Supplied data:

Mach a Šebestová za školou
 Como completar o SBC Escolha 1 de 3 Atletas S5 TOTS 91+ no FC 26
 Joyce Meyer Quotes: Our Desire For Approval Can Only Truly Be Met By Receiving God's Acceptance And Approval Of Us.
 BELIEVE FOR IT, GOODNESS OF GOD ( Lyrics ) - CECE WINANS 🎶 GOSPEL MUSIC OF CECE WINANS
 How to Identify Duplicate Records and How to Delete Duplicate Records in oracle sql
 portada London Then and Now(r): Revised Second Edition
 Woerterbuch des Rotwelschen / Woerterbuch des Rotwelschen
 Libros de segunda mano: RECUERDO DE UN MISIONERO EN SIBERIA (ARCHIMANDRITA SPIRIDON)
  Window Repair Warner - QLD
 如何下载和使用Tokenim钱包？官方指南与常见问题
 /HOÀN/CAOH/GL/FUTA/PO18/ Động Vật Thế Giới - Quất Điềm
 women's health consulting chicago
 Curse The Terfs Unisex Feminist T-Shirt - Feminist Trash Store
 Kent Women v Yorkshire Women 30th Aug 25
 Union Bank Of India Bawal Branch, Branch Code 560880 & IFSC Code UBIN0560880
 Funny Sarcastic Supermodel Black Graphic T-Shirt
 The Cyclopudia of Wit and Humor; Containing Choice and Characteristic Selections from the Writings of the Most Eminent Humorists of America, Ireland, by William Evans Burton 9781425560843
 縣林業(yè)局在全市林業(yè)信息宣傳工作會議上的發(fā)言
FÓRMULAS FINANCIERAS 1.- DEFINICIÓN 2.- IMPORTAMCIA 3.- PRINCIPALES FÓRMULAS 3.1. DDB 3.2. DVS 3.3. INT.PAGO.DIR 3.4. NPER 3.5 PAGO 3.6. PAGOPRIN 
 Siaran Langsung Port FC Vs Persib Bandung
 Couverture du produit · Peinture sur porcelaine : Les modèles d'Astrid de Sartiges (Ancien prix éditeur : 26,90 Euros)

Instructions to follow:
Please make an exact copy of the entries, down to the last character.

Expected output:
Mach a Šebestová za školou
 Como completar o SBC Escolha 1 de 3 Atletas S5 TOTS 91+ no FC 26
 Joyce Meyer Quotes: Our Desire For Approval Can Only Truly Be Met By Receiving God's Acceptance And Approval Of Us.
 BELIEVE FOR IT, GOODNESS OF GOD ( Lyrics ) - CECE WINANS 🎶 GOSPEL MUSIC OF CECE WINANS
 How to Identify Duplicate Records and How to Delete Duplicate Records in oracle sql
 portada London Then and Now(r): Revised Second Edition
 Woerterbuch des Rotwelschen / Woerterbuch des Rotwelschen
 Libros de segunda mano: RECUERDO DE UN MISIONERO EN SIBERIA (ARCHIMANDRITA SPIRIDON)
  Window Repair Warner - QLD
 如何下载和使用Tokenim钱包？官方指南与常见问题
 /HOÀN/CAOH/GL/FUTA/PO18/ Động Vật Thế Giới - Quất Điềm
 women's health consulting chicago
 Curse The Terfs Unisex Feminist T-Shirt - Feminist Trash Store
 Kent Women v Yorkshire Women 30th Aug 25
 Union Bank Of India Bawal Branch, Branch Code 560880 & IFSC Code UBIN0560880
 Funny Sarcastic Supermodel Black Graphic T-Shirt
 The Cyclopudia of Wit and Humor; Containing Choice and Characteristic Selections from the Writings of the Most Eminent Humorists of America, Ireland, by William Evans Burton 9781425560843
 縣林業(yè)局在全市林業(yè)信息宣傳工作會議上的發(fā)言
FÓRMULAS FINANCIERAS 1.- DEFINICIÓN 2.- IMPORTAMCIA 3.- PRINCIPALES FÓRMULAS 3.1. DDB 3.2. DVS 3.3. INT.PAGO.DIR 3.4. NPER 3.5 PAGO 3.6. PAGOPRIN 
 Siaran Langsung Port FC Vs Persib Bandung
 Couverture du produit · Peinture sur porcelaine : Les modèles d'Astrid de Sartiges (Ancien prix éditeur : 26,90 Euros)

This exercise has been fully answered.